[Opening Data shown section]

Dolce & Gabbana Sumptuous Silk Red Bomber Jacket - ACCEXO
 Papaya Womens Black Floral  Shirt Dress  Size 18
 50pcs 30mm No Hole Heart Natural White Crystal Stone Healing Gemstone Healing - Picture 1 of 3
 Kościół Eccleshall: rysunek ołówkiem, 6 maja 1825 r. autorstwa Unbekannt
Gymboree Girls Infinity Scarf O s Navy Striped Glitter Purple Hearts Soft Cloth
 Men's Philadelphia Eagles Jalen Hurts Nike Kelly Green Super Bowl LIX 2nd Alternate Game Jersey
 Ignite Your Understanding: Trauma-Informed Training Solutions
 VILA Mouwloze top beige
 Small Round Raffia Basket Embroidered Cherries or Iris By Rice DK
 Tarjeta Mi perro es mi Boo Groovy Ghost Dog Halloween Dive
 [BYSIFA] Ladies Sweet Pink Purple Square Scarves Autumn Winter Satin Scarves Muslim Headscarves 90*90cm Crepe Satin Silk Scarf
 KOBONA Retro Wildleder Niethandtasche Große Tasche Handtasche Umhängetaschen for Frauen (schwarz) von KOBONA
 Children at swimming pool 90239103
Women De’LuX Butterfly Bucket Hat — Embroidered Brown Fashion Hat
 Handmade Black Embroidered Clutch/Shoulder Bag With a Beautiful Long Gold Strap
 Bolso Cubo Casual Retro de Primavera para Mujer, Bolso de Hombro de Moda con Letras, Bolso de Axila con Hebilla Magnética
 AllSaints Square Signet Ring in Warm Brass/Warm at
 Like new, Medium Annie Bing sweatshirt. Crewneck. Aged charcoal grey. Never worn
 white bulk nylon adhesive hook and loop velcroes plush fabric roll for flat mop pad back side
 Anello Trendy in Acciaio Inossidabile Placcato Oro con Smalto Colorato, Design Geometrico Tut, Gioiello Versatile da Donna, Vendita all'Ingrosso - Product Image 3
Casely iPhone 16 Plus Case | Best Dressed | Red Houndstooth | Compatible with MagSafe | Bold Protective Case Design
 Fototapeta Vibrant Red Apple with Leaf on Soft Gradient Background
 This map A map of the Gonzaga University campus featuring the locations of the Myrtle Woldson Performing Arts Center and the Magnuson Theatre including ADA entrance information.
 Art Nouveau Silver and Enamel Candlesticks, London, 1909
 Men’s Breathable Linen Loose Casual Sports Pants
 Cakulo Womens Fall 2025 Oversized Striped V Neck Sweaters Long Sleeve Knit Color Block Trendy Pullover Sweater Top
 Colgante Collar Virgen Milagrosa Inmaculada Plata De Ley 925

[Closing Data shown section]

# Task description
Only the lines from the one with "Art Nouveau Silver" through the last line above should be restated, word for word.

# Response to this task
 Art Nouveau Silver and Enamel Candlesticks, London, 1909
 Men’s Breathable Linen Loose Casual Sports Pants
 Cakulo Womens Fall 2025 Oversized Striped V Neck Sweaters Long Sleeve Knit Color Block Trendy Pullover Sweater Top
 Colgante Collar Virgen Milagrosa Inmaculada Plata De Ley 925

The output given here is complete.